Si te digo conmigo o contra mí sabes de qué te hablo. Especialmente, de una latitud que ya no existe: el lugar intermedio, fronterizo, pero todavía en construcción, en que los dos podamos ir tejiendo la piel de un argumento que nos contemple a ambos, y también a todos los demás, dentro de unos mínimos posibles. Es decir: convivir. La polarización identitaria, más allá del fragmento convertido en verdad –que lo es, en parte: pero nunca es toda la verdad, ni siquiera dentro de su propia ínsula–, ha venido al fin para quedarse en los pliegues de nuestro pensamiento.
Vaya por delante que los derechos de las minorías deben ser contemplados. Pero las minorías ¿lo son? En virtud de lo que se contempla, y sabiendo que el propio concepto de las minorías ha existido –y existe, en teoría, aún- en contraposición a lo que se suponía -o se supone– como mayoría de normalidad, podríamos argüir que la normalidad se ha fraccionado: no parece que haya, atendiendo a lo que se publicita, lo que se dice, lo que se filma, se escribe o se canta, una mayoría impuesta, sino muchos fragmentos que conviven. Esto, de entrada, no sólo no parece malo, sino que resulta moralmente imbatible: porque en el reconocimiento respetuoso a todo lo distinto –entendido, por supuesto, dentro de los límites del Código penal– se fundamenta el mismo respeto, e idéntico derecho, que cualquiera debe exigir para sí. Yo acepto tu diferencia y tú aceptas la mía. No hace falta que nos entendamos, no hace falta que alcancemos una sensibilidad afín; con que nos respetemos, cada minoría –o fragmento, una categoría que prefiero– encontrará su lugar dentro del puzle en el que convivimos antes de dibujar un conjunto que no tiene que resultar armónico, ni coherente, sino sencillamente habitable.
Sin embargo, no siempre se manifiesta esta diversidad con patrones pacíficos. Hay a veces una cierta impresión abarcadora, totalizadora: se percibe, a veces, ese mismo conmigo o contra mí que hasta hace poco, en teoría, era el que presidía la moral de aquella vieja normalidad imperante. Es como si la nueva política –que se ha convertido en vieja en poco tiempo, seguramente porque lo era ya en su primera chispa, como lo es ahora en sus cenizas–, que no ha renovado nada, sino ahondado en los viejos vicios de la política más vieja –sólo hace falta ver los enchufismos al más alto nivel, por los mismos motivos que esa nueva política, en sus orígenes, aseguraba señalar y criticar, antes de caer en ellos con más brío y sin discreción alguna–, después de fenecer, nos hubiera dejado únicamente la polarización identitaria. Mujeres y hombres, trans, binarios, no binarios, indigenistas, independentistas –esto es una raza sociológica aparte–, y todos los istas que se quiera, porque al otro lado sólo existe el heteropatriarcado españolista opresor. Y fascista, que no se nos olvide. Es decir: otra vez conmigo o contra mí –poco importa que dentro de cada fragmento también se empiecen a extender las grietas–, pero con el enemigo a las puertas.

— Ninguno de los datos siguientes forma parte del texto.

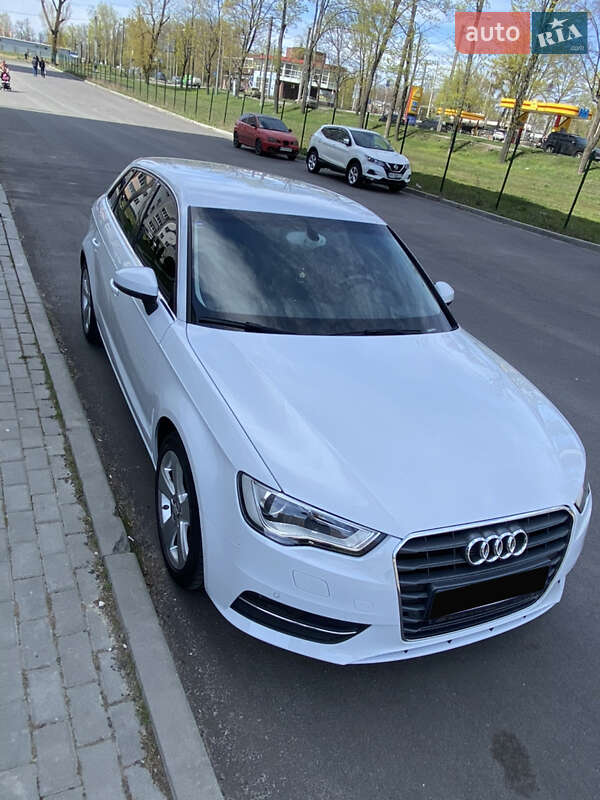 Хэтчбек Audi A3 2014 в Харькове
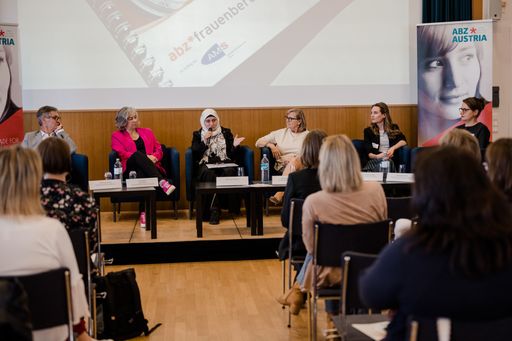  Podiumsdiskussion „Von der Doktorin zur
Reinigungskraft: Anerkennung von Kompetenzen in Zeiten des
Fachkräftemangels – So gelingt erfolgreiche Integration!“ Von links:
Winfried Göschl, Silvia Flörl, Abeer Al-Dawoodi, Manuela Vollmann,
Judith Kohlenberger und Aleksandra Panek.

Para extender el concepto, al menos en España, era preciso desacreditar, o incluso degradar, el único momento de nuestra vida reciente en que hemos remado hacia un lugar de encuentro, de generosidad y renuncia, por supuesto, pero también ganancia colectiva: la Transición. Claro que se cometieron errores, y algunos de bulto. Pero cuando se vindica un tiempo, lo que se pone en valor no es únicamente una pretendida perfección jurídica de las operaciones –que no fue tal–, sino la altura de un andamiaje ético y social que, al menos, nos hizo trabajar para buscarlo, precisamente, por encima de nuestras diferencias.
No es que esté bien que se defienda el derecho de todos: es que es imprescindible dentro de un Estado de Derecho. Pero me falta algo en el aire, echo de menos una sensación en las conversaciones, en la misma visión de la cultura, el arte y la literatura: vamos a salir un poco de nosotros, vamos a abandonar el narcisismo de pensar que todo el mundo tiene que girar en torno a mí, para entender los mundos que también gravitan en mi propio sistema solar. Y para eso, lo primero que tengo que entender es que el rey sol no me mira a los ojos cada vez que me encuentro en el espejo. Pasará esta época y es posible que venga otra peor: pero la polarización identitaria ya ha marcado la nuestra. Claro que hace falta infinitamente más talento para entender al contrario, pero eso lo dejamos para los nostálgicos de los años 70. Ya sólo nos queda el individuo sin etiquetar.